There appears (to me at least) to be types of criticism which do not require full understanding or experience.
(1) Where both sides can agree on a common understanding of a subset of things e.g. by pointing to things in the physical world.
(2) Sometimes knowledge of internals is not needed. I am thinking here of the classic problem where one is confronted by a liar and a truth teller with no indication of which is which. By analogy if we have a line of argument to which the theist responds "Well of course you cant say that because you do not truly understand x" where x is some stage in the argument, This is simply saying if put x in isolation to someone who "truly understood" we would get a different answer.
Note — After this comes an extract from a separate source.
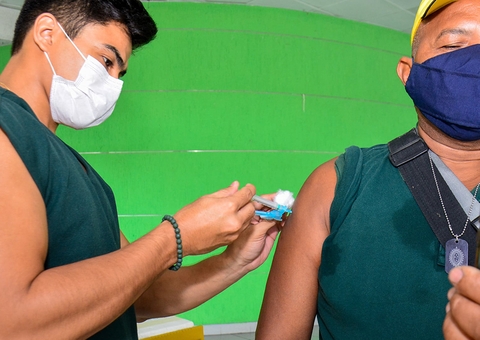 Vacinação contra a covid-19 em Manaus será retomada no dia 3 de janeiro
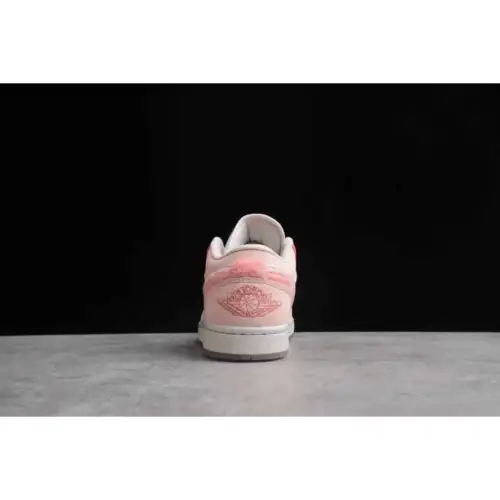 Wmns Air Jordan Air Jordan 1 1 Low SE 'Mighty Swooshers'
OK. We can ask the theist for a true believer, put him or her in a locked room and pass messages in (a la Searle) and get written responses out. Each stage in the argument can then be run through using the enclosed believer. We then have access to at least some of the results of theistic experience without the need to believe ourselves. Similarly one could put an atheist in another room and allow theists to use this facility to examine the results of non-belief.
This sort of thing seems to allow one to criticize many elements of either sides stance which are internally inconsistent.
Thus atheists are simply not in a position fully to understand religious belief, let alone criticise it."
The legions of former true believers who now make the same arguments as always atheists show this to be complete nonsense.
It is also a dangerous position to take. You place yourself in the positions of being unable to criticise any irrational belief that you don't personally hold, or have not held.
As an always atheist (i.e. I don't recall any time that I believed.)
I fully accept that people have the kinds of religious experiences that they say they do. I futher accept that these experiences are likely to be convincing to the person experiencing them (true of most experiences of that kind). However, I feel entirely justified in denying that such experience are good evidence of God/s.